• [ASSIGNED TASK]:
The answer should consist of the full listing below, repeated exactly and free of pictures.

• [MATERIAL FOR THIS EXERCISE]:
◆ ◆ ◆ ◆

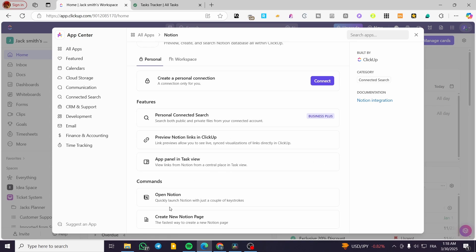For the commands, we have two. First, 'Open Notion' — quickly launch Notion with just a couple of keystrokes. Second, 'Create New Notion Page' — you can go ahead and create a Notion page and also connect the data that we have on ClickUp.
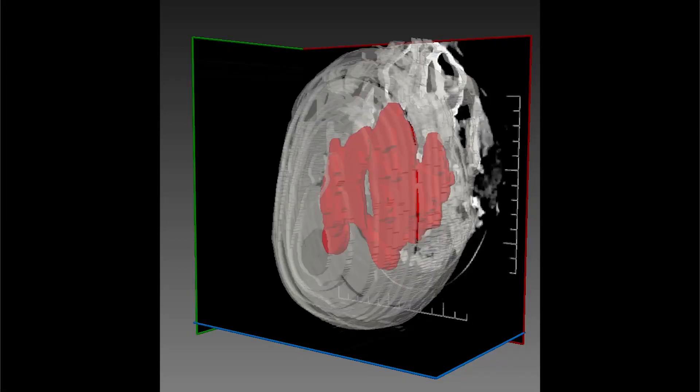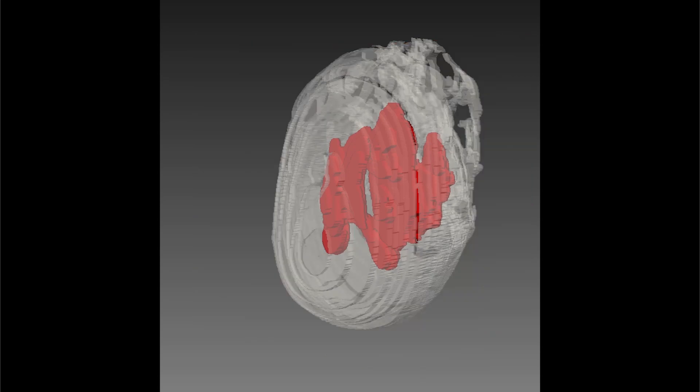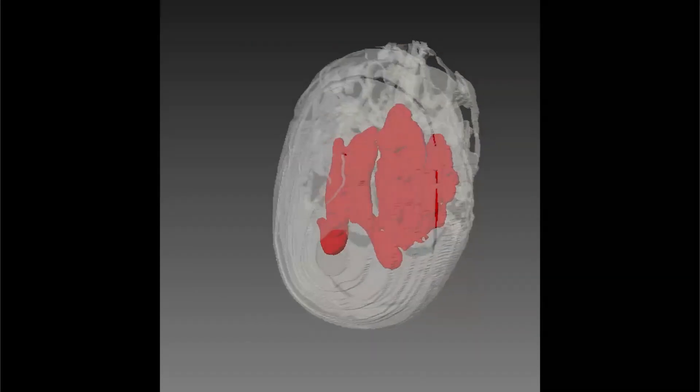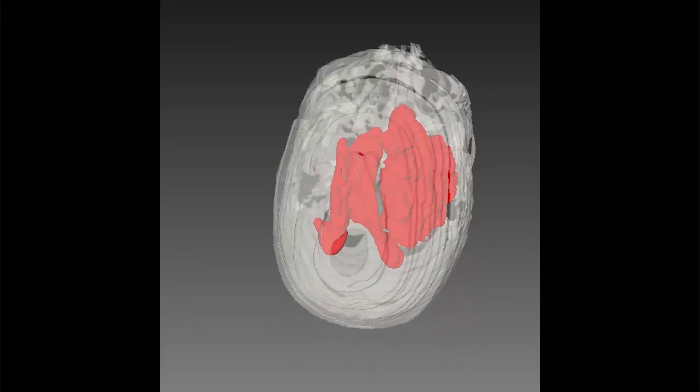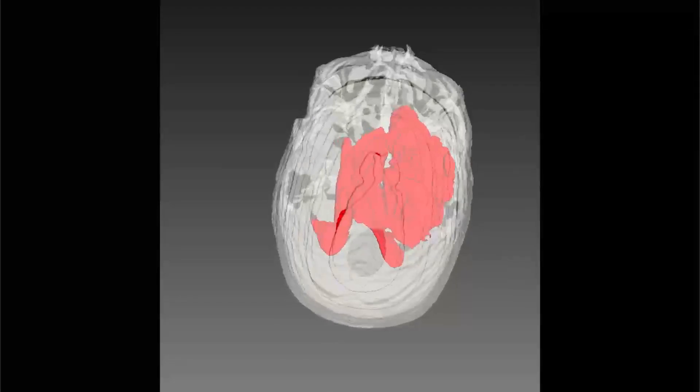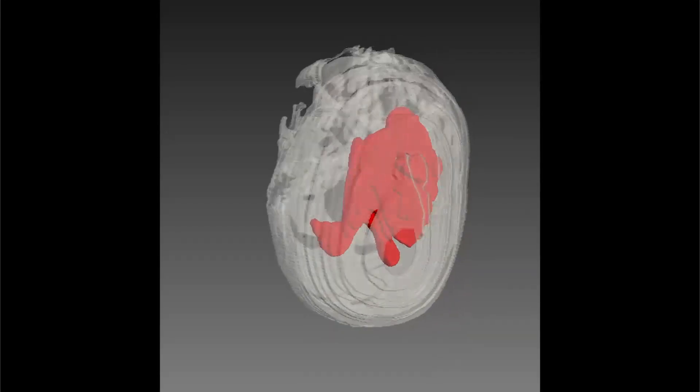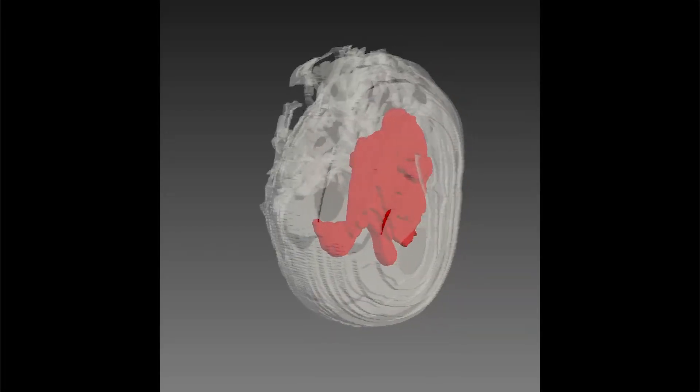Some hemorrhages are also accompanied by cerebral edema, an excess accumulation of fluid in the intracellular or extracellular spaces of the brain.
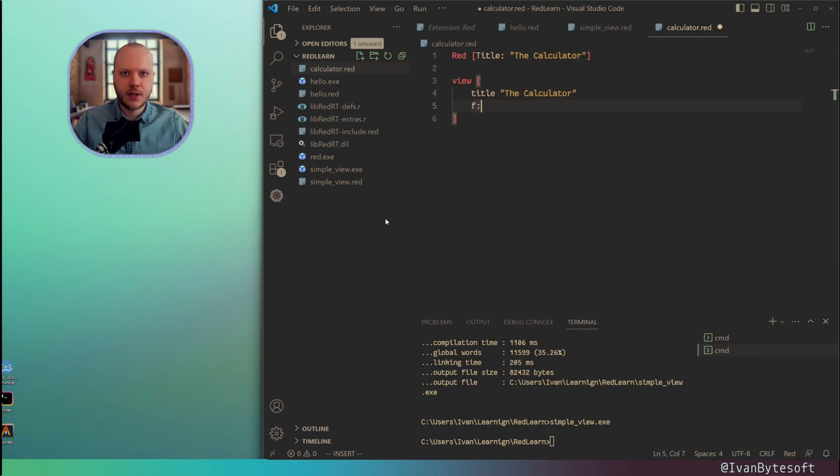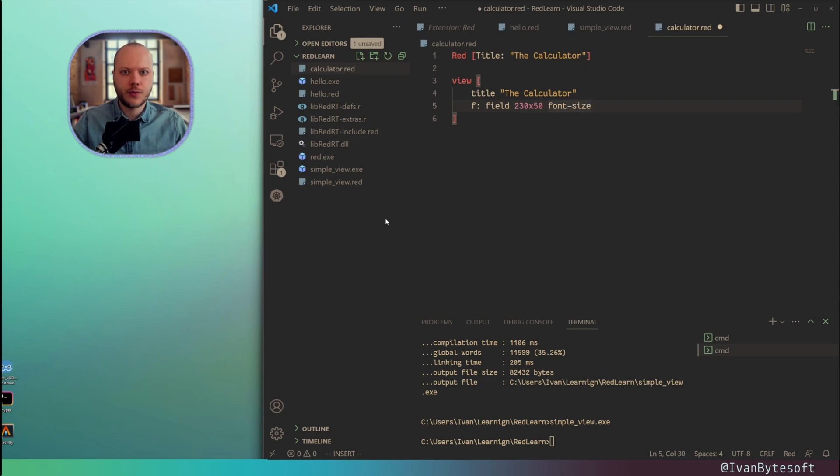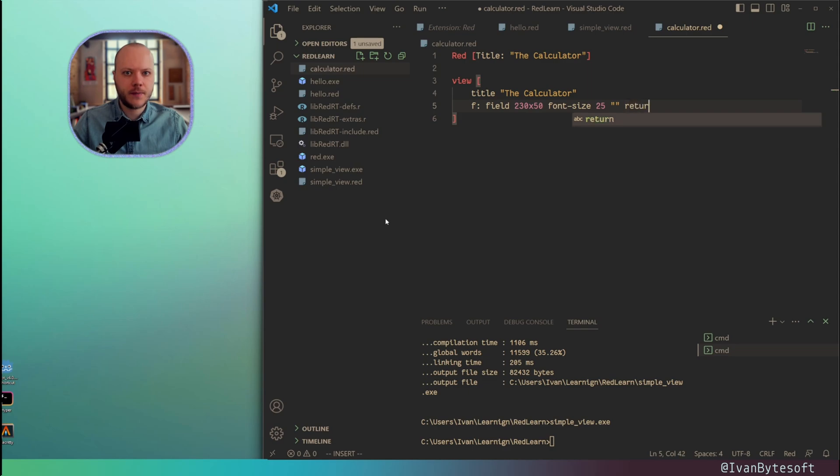Then I can use this field for my areas and the size. Font size of my text field 25. Empty value inside. Then a new line. Let's continue.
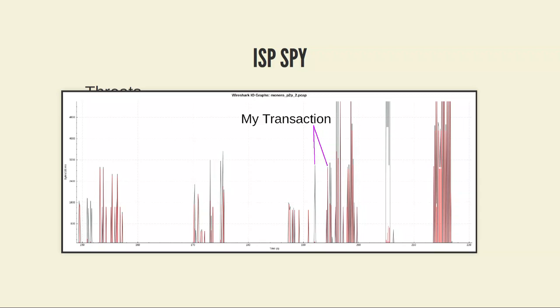I had 34 connections at the time, and I actually received my own transaction from one peer before I sent it out — you can see that in the graph. The Monero protocol is apparently a bit chaotic and uses way too much bandwidth, to put it simply.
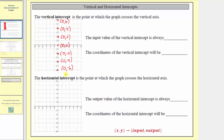By analyzing these ordered pairs, notice how the input value — the first value of every ordered pair — is always zero. So the input value of the vertical intercept is always zero. The coordinates of the vertical intercept will be zero comma the output, since the first value is always zero and the second value is the output found on the vertical axis.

◆ ◆ ◆ ◆

• [EXERCISE RESULT]:
For the commands, we have two. First, 'Open Notion' — quickly launch Notion with just a couple of keystrokes. Second, 'Create New Notion Page' — you can go ahead and create a Notion page and also connect the data that we have on ClickUp.
Some hemorrhages are also accompanied by cerebral edema, an excess accumulation of fluid in the intracellular or extracellular spaces of the brain.
Then I can use this field for my areas and the size. Font size of my text field 25. Empty value inside. Then a new line. Let's continue.
I had 34 connections at the time, and I actually received my own transaction from one peer before I sent it out — you can see that in the graph. The Monero protocol is apparently a bit chaotic and uses way too much bandwidth, to put it simply.
By analyzing these ordered pairs, notice how the input value — the first value of every ordered pair — is always zero. So the input value of the vertical intercept is always zero. The coordinates of the vertical intercept will be zero comma the output, since the first value is always zero and the second value is the output found on the vertical axis.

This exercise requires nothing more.